1. Consider the cell represented by this diagram: What is the emf (E cell) for t

Question

1. Consider the cell represented by this diagram: What is the emf (E cell) for the reaction as written at 298K? Pb(s) / Pb2+(2.0M) // Ag+(0.0040M) / Ag(s) Must show work!

a. What is oxidation half reaction? Now show oxidation half reaction with electrons.

b. What is reduction half reaction?

Now show reduction half reaction with electrons.

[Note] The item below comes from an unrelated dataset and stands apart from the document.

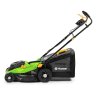 Elektrická sekačka Fieldmann FZR 2037-E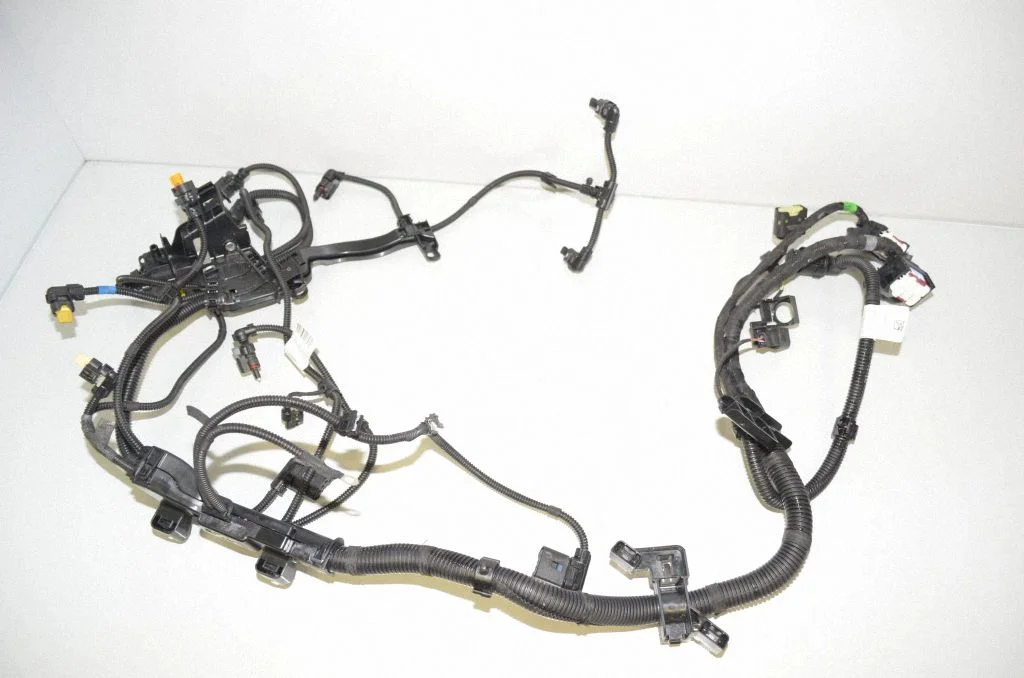Engine installation wiring loom 5A01D70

Now multiply reduction half reaction by appropriate factor so electrons are the same.

c. What is n?

d. What is Eocell in volts?

e. What is expression for Q in terms of reagents?

f. What is Q numerically? ___________________ g.

What is the emf (E cell) for the reaction as written at 298K (in volts)?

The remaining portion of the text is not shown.